ルークは歩き続けたが昨日一睡もしてないせいか歩くペースが遅い。
疲れるのが早くなり、ついには座り込んでしまったが隣町へはまだ半分ぐらいある。
ちょっと休んでから再出発したが日も傾きだした。
そんな時、一つの木製の小屋を見つけた。
ちょうど隣町と村を往復する人間が休んだり、泊まったりできる便利な小屋だった。
この小屋の存在は知っていた、幼いころに1度だけこの道を通ったことがあるからだ。
ルークは今夜はこの小屋で休み、明日の早朝に隣町に向かうことにした。
「お邪魔します。」と、とりあえずの挨拶をして小屋の中に入った。
誰もいないのは当たり前だが、ホコリっぽかった。
一歩前へ出るたびに埃が舞うような感じだ。
最初に窓を開けた。涼しい風が小屋の中に入ってきた。
それから少しだけ掃除をした、そうでもしないと埃のせいで寝れないような状態であったからだ。
掃除も一段落したので腰を下ろした。
あれからこんなに落ち着いたのは初めてかもしれない。
(隣町に着いても何をすればいいか分からない、俺はこの世の中で生きていくにはあまりにも無知だ。俺は村のことしか知らない。
隣町に何があるかさえも分からない。もうかれこれ10年来に隣町にいくのだから当たり前だと自分で思うが・・・)
ルークは段々不安になってきた。
(やっぱ俺はこの世界を知らなさ過ぎたんだ。村にいれば何も不自由はない、ただ狩りをしたり、作物を収穫するだけでいい。本を読むこ
となんかしなくても生きていけた。でも今は違う、村から離れたからにはそこへ順応しなければならない。一体どうすればいいんだ。)

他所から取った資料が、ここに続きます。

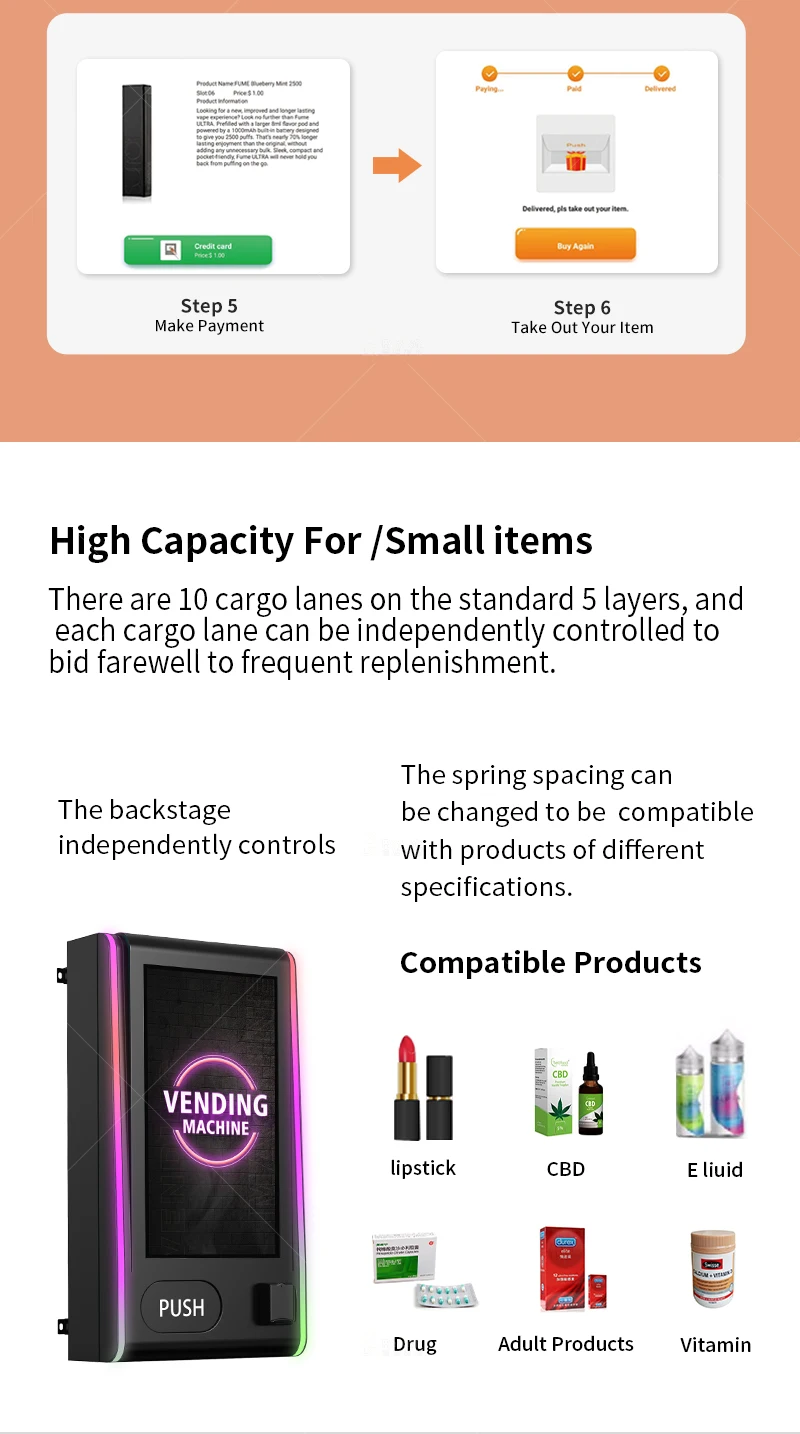 Id Card Reader Wall Mounted Vending Machine Touch Screen Age Check Id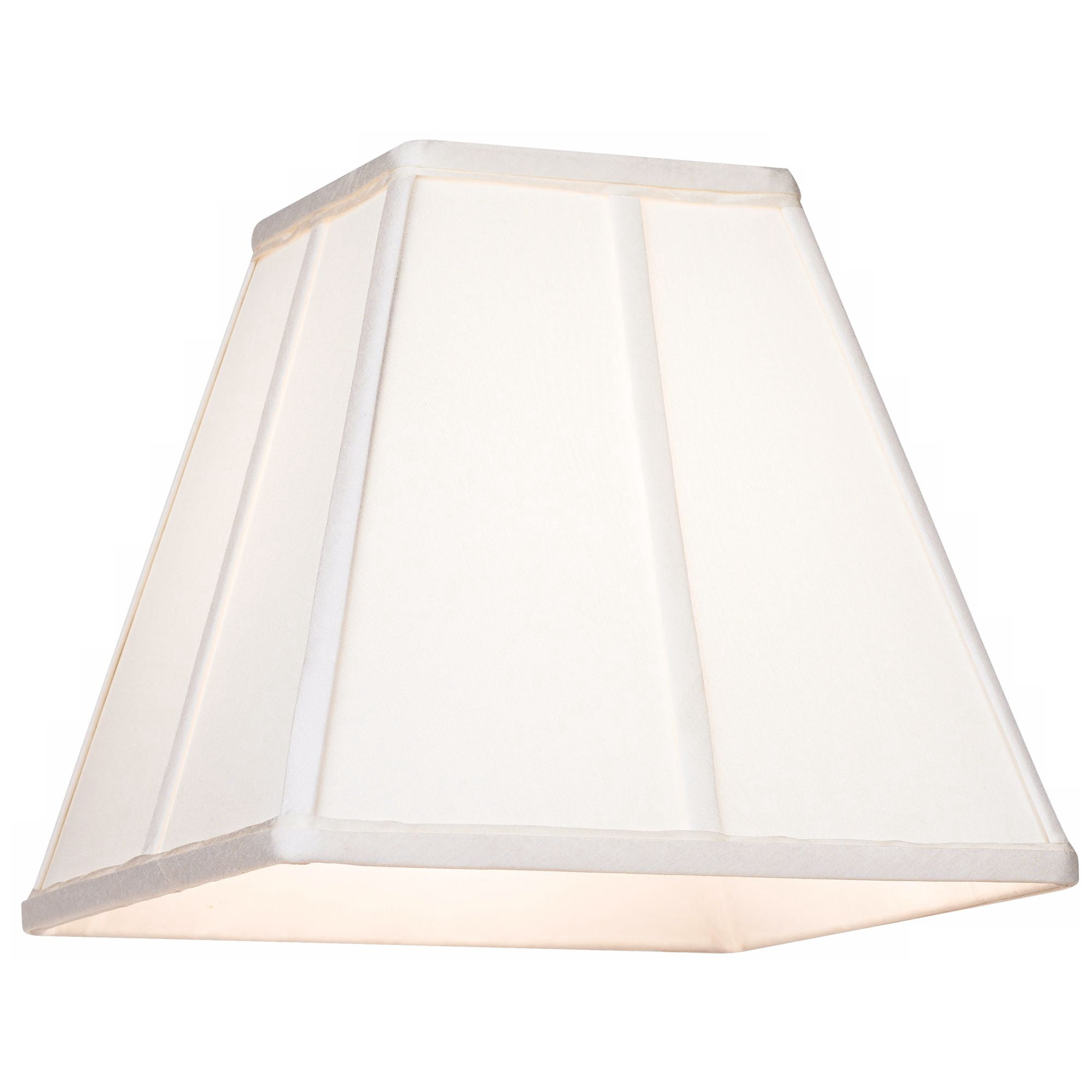 Springcrest Ivory Classic Small Square Lamp Shade 5.25" Top x 10" Bottom x 9" High x 9" Slant (Spider) Replacement with Harp and Finial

いくつか色んなことを考えてみたがどれもぱっとしなくていいものが思いつかない。
仕方なく今日はもう寝ることにした。
ルークはベットに思い切り飛び込んだ、埃が中に舞った。
やはり掃除不足であったが我慢して寝ることにした。外で寝るよりよっぽどマシだ。
空腹だったのでなかなか寝付けなかったが睡眠不足だったのか一線を越えるとすぐ眠りに入った。



「・・・お兄ちゃん、起きて朝だよ。」
いつもの聞きなれた声で起こされた。目を開けるとメルがいた。
ルークは信じられない、といわんばかりの顔をした。
「め、メル!?」
「どうしたの?そんな顔して何か悪い夢でも見た?」
(夢?そうか今までのは夢だったんだ。そうだ、そんなことあるはずない。どうしたんだ俺は。)
「ああ、ちょっとな。」
ふ〜ん、とメルは言ってすぐに笑顔になった。
「ご飯できてるよ、すぐきてね。」
メルは食事場へ向かって行った。
ルークはいつもように服を着替えて食事場へ行った。
すると様子がおかしいかった、さっきまで晴れていたと思っていたのにドアを境に暗くなった。
突然叫び声が聞こえた。
「きゃあぁ!!!お兄ちゃん助けて!いやあぁ!!」
ルークは声の場所へ走った、例の倉庫だった。
たどり着くとあの時浮かんだ光景だった。
叫びながら助けを求めている妹と黒い魔物が対峙している。
黒い魔物は目に留まらぬ速さで妹に襲い掛かった。
妹は魔物にのしかかられて身動きが取れなくなった。
そして魔物は心臓をえぐり出し、それに喰らいつく。
人形のようになってしまった妹の内臓を一つ一つえぐり取って捨て、身体に喰らいついた。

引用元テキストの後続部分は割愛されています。